**SUPPLIED RECORDS**
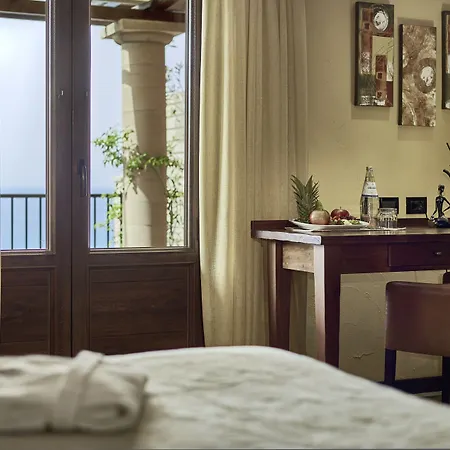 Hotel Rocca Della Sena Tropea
* * *
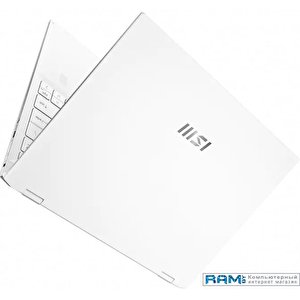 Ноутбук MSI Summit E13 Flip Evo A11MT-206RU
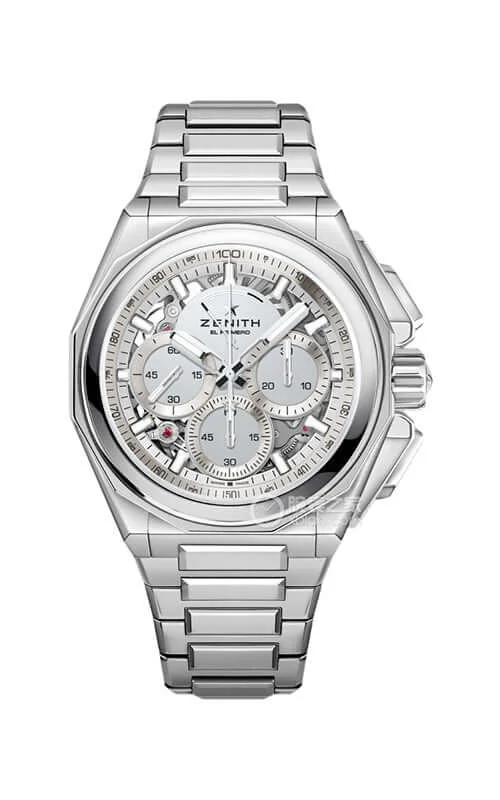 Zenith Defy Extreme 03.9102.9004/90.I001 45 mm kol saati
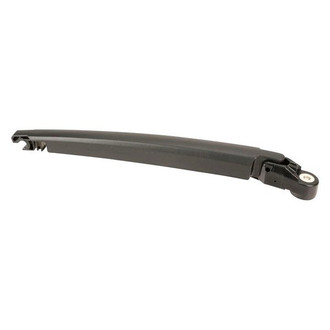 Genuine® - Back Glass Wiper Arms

**TASK REQUIREMENTS**
Once the line with "Ноутбук MSI Summit E13 Flip Evo A11MT-206RU" is found above, transcribe each line from it through the line with "Genuine® - Back Glass Wiper Arms", exactly, and omit the pictures.

**RESULT**
 Ноутбук MSI Summit E13 Flip Evo A11MT-206RU
 Zenith Defy Extreme 03.9102.9004/90.I001 45 mm kol saati
 Genuine® - Back Glass Wiper Arms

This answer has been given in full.